Brand Park & COVID-19: Balancing Fun and Safety in Public Spaces

Entrance Sign to Brand Park in Glendale, California

The world was placed on pause in March of this year when COVID-19 hit the global stage. Office buildings, universities, and entire cities were shut down to stop the spread of the deadly virus. But this pandemic did not just affect Harvard University or New York, it had a direct impact everywhere, including in one tucked away oasis in northern Glendale, California, called Brand Park, a combination public space and library.

Founded in 1956, Brand Park had seldom shut its doors to the residents of Glendale. That is, until it completely closed one weekend in April, 2020 when park officials locked the gates to prevent vehicle entry into the park. This was to encourage people to stay safe at home due to COVID-19. After complaints from the neighboring residential houses about cars blocking their driveways, the park officials decided to change course and open up the gates again, and started advocating different measures to slow the spread of COVID-19.

Sign on Brand Park Entrance Fence; “NO CAR access”

The city cancelled all organized sports, from little league baseball games to casual Sunday night soccer. Signs were printed and put up all over the park reminding visitors how to stay safe while out in public. Measures were also put in place to regulate hiking and the use of park facilities, including face mask requirements and social distancing. The information was clearly posted, but not all park goers complied.
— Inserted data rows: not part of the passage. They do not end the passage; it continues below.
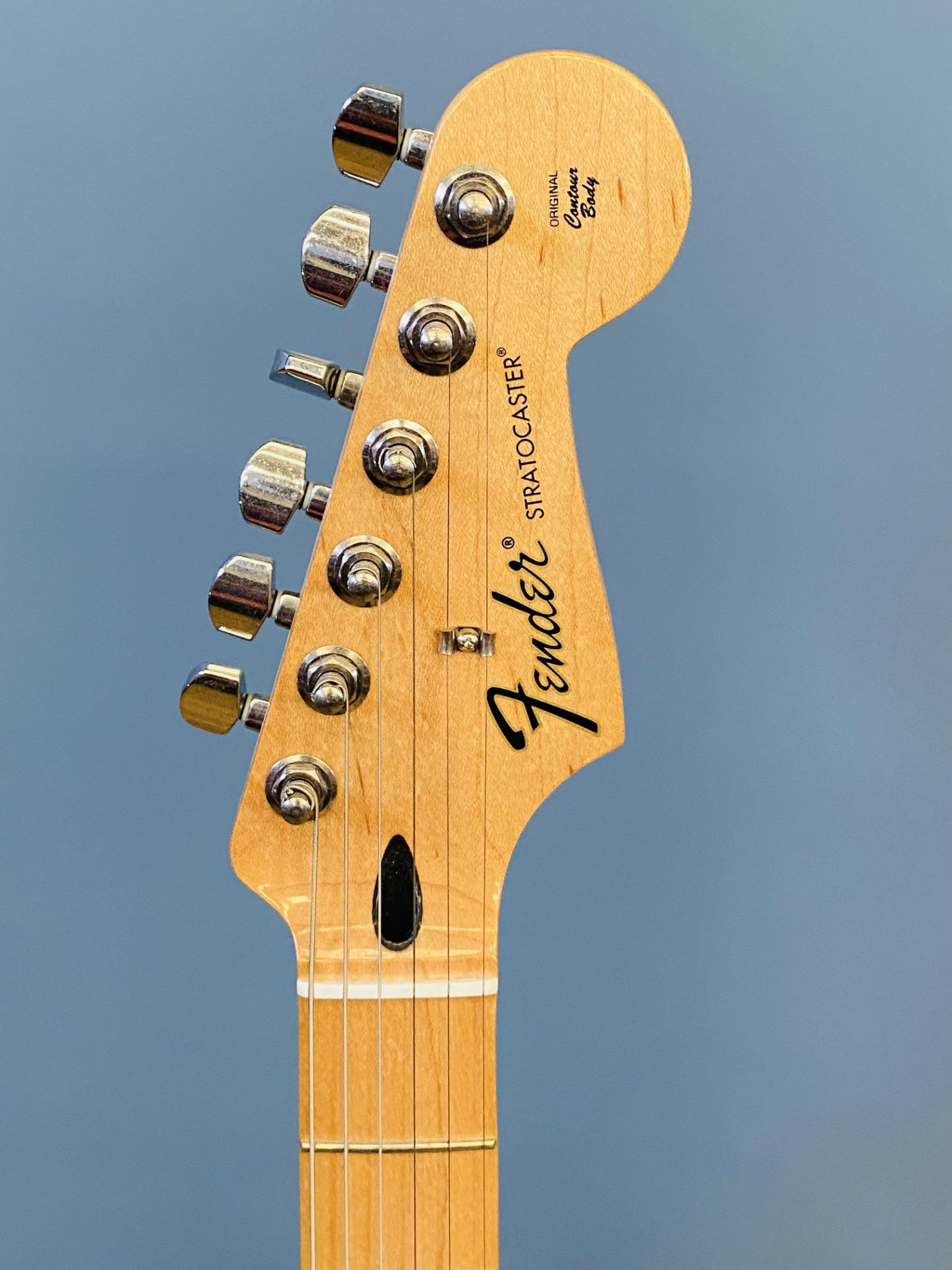 Fender Stratocaster - Image 4 of 4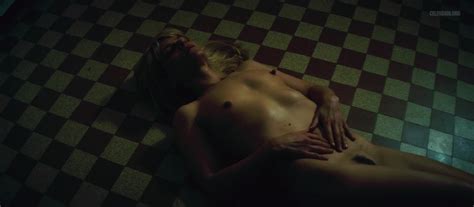 Naked Marina Foïs in Faultless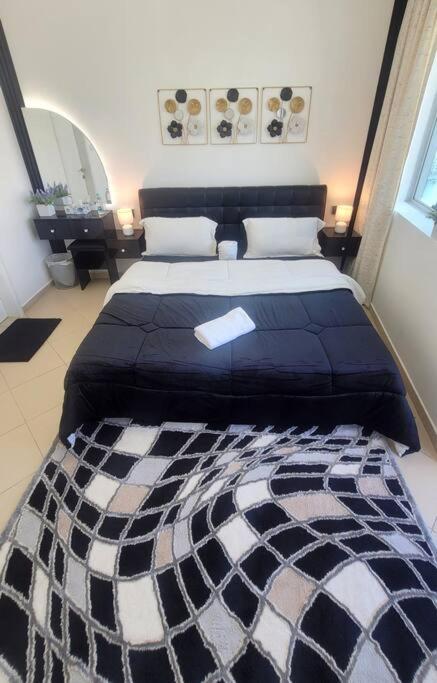 Full Marina View 2BR Luxury Apartment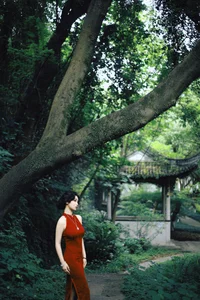 Elegant Red Cheongsam Fashion Photography: Wu Yu Cao Mei in Fushan Park | YiTuYu Art Language Vol.9329 Exclusive Collection-6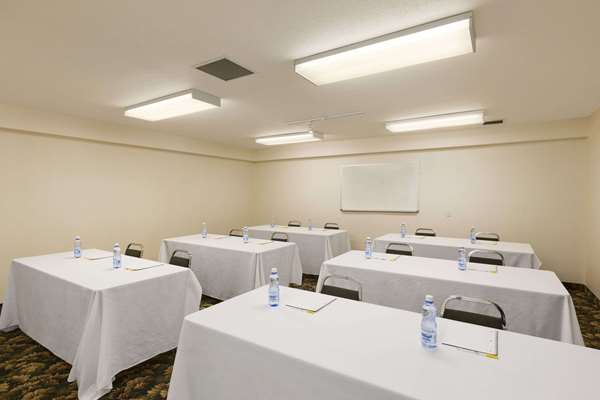  - Days Inn High Prairie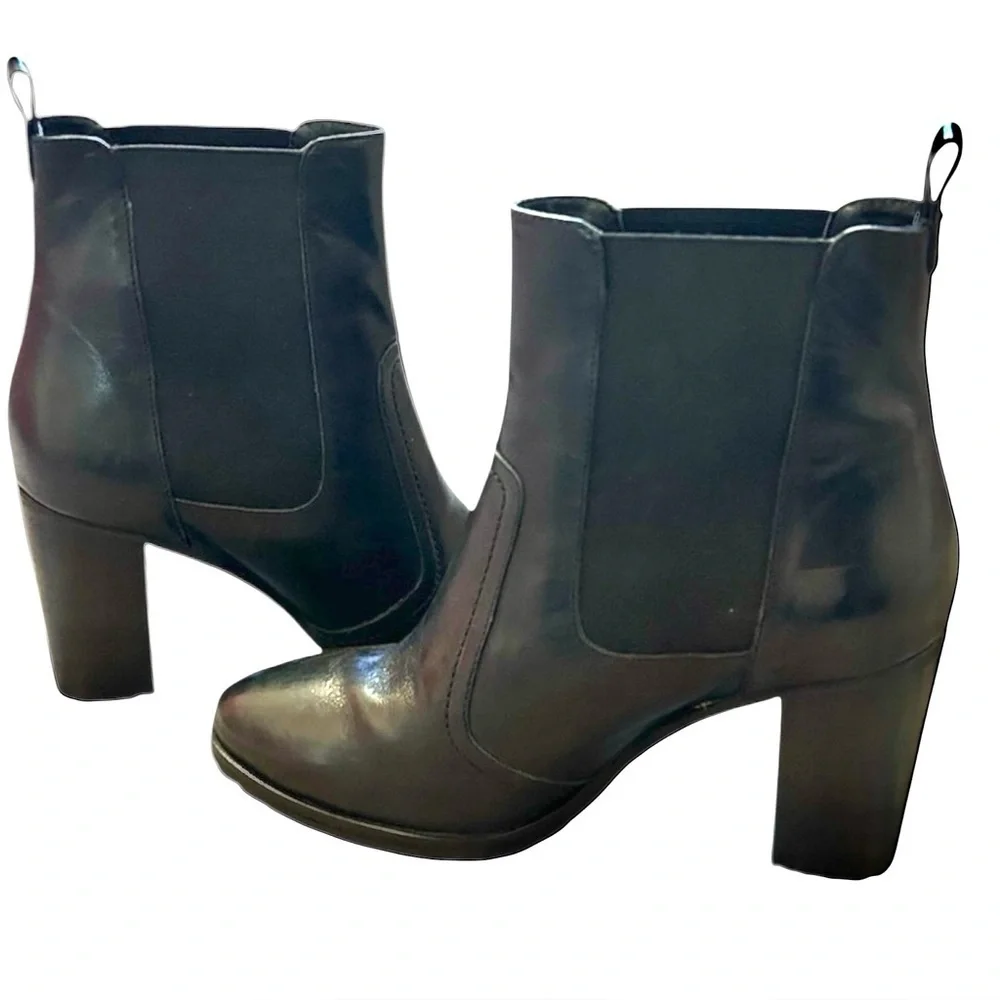 Seychelles Hustle Platform Chelsie Black Pull On Heeled Boots Womens size 9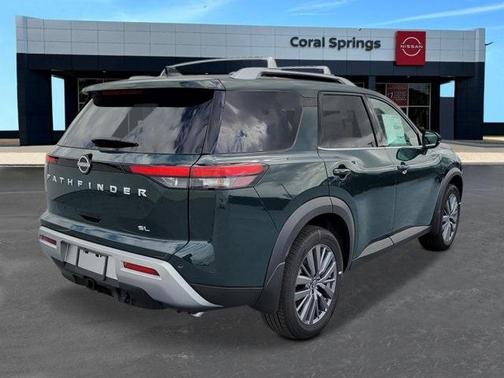 2025 Nissan Pathfinder SL
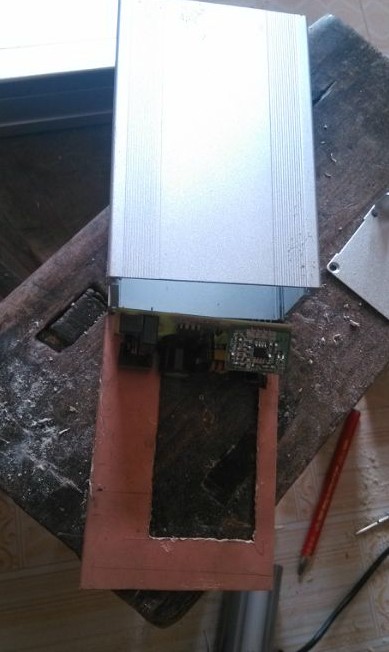 索尼电源改的平衡冲大家鉴定鉴定!!!!!!!!!!! DIY 作者:zds 5137 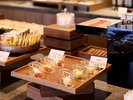 ◆ラウンジ 刻 TOKI|ゆるやかな刻の流れを愉しむゲストラウンジ「刻」。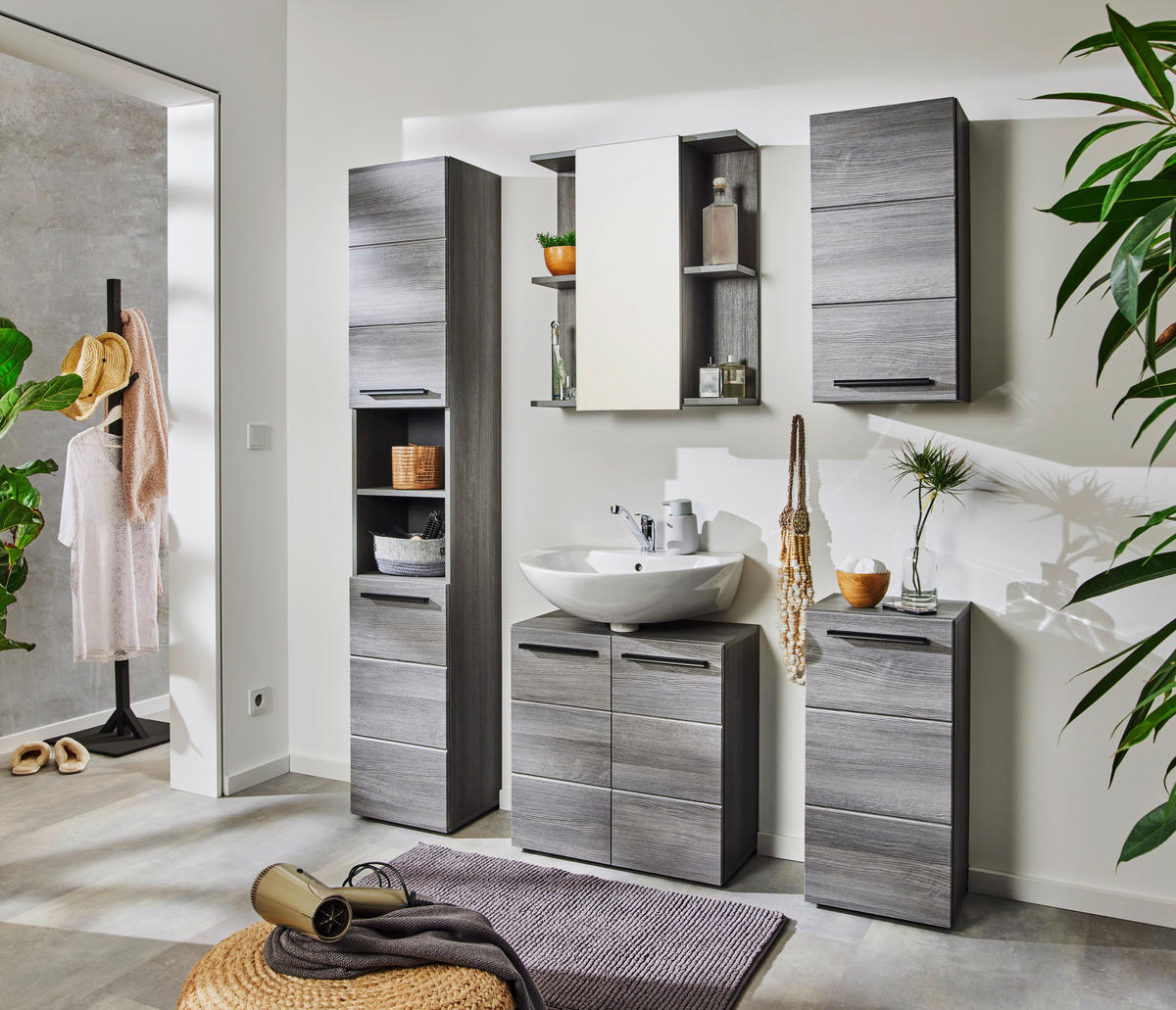 ZÁVĚSNÁ SKŘÍŇKA, barvy stříbra, barvy stříbra, 34/70/23 cm - barvy stříbra/černá, Moderní, kompozitní dřevo/plast (34/70/23cm) - MID.YOU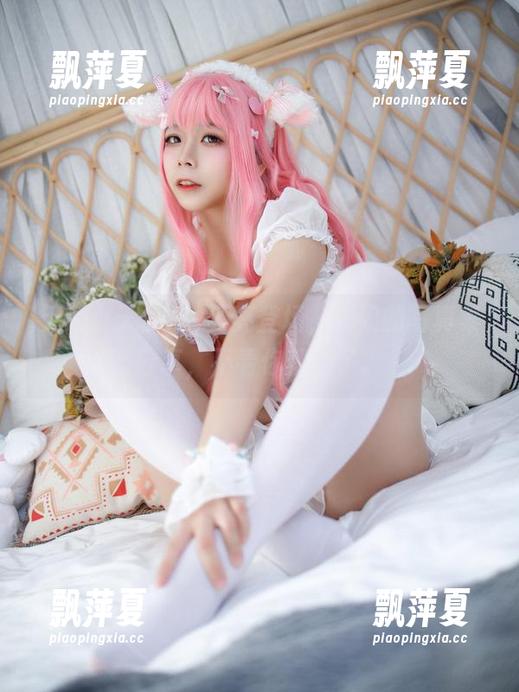 无颜小天使wy闪亮登场，姐姐的写真集分享，不看你就亏了。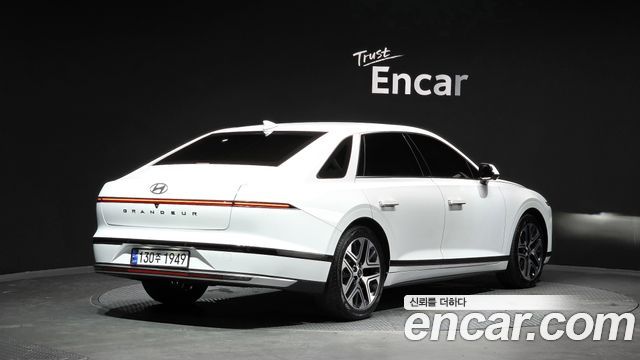 Hyundai Grandeur GN7, гибрид Exclusive - фото 1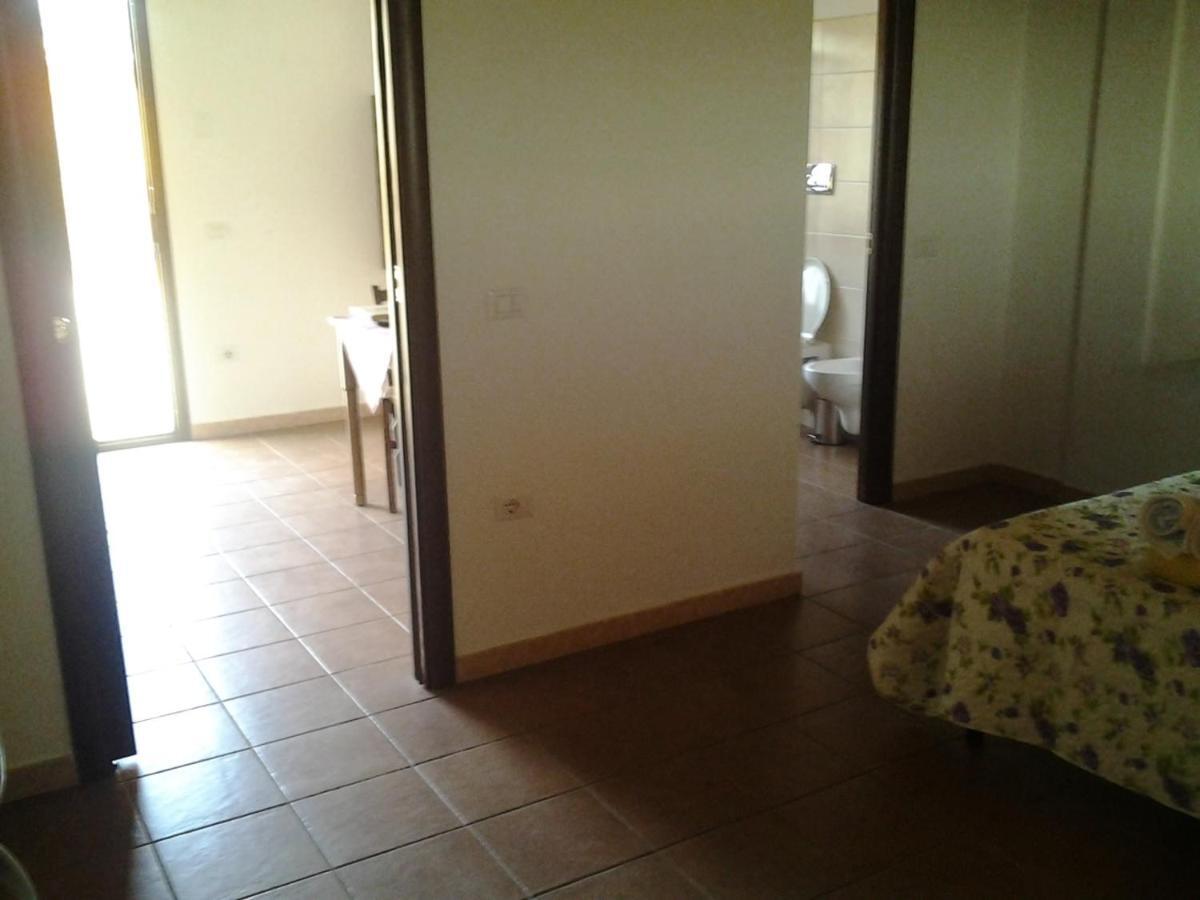 Agriturismo Su Nuratolu Vila Sagama Quarto foto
Sign on the fencing of Brand Park’s Baseball Field
Dust settles on home plate at Brand Park’s Baseball Field

Onnig Bulanikian, Glendale’s director of Parks and Community Services, received complaints from park goers about people who were not wearing masks or who were congregating in large groups. He has had to deal with the COVID-19 crisis head on while also trying to keep residents happy.

Brand Park gets crowded in the summertime. While summer camps and baseball practices used to book up the fields and public spaces every day, the park facilities have been left open while these “organized” events have been cancelled. Although park goers are not supposed to use these spaces to hold public gatherings, people have still been throwing birthday parties and barbecues on the weekends. Regulating these spaces takes extra effort from park staff.

Brand Park and COVID-19: A Visual Investigation

A group of people take photos of a graduate on the steps of Brand Library

Soon after quarantine orders started to go into effect, Brand Library also closed. While the park is a space for Glendale residents to have fun and engage in recreation, the library serves a more specific purpose. Students may use the public libraries to check out books and to do academic research, while others may depend on the library as their only opportunity to use the internet or have access to a public Wi-Fi network. Gary Shaffer, Director of Libraries, Art & Culture for Glendale, knows the importance of libraries to the community. Under his watch, all Glendale libraries, including Brand Library, immediately began transitioning their resources to an online platform. Every resident of the city was mailed a library card to have access to a myriad of online resources (e.g. eBooks, eNewspapers, eMagazines, and online classes, as well as streaming music and videos). Although the buildings are closed, the libraries have continued to operate via the web.

Sign posted at Brand Library Indicating it is closed until further notice.

The city has faced challenges at Brand Park in balancing the need to keep residents both happy and safe at its facilities. Hopefully visitors will follow health regulations so Brand Park can remain open.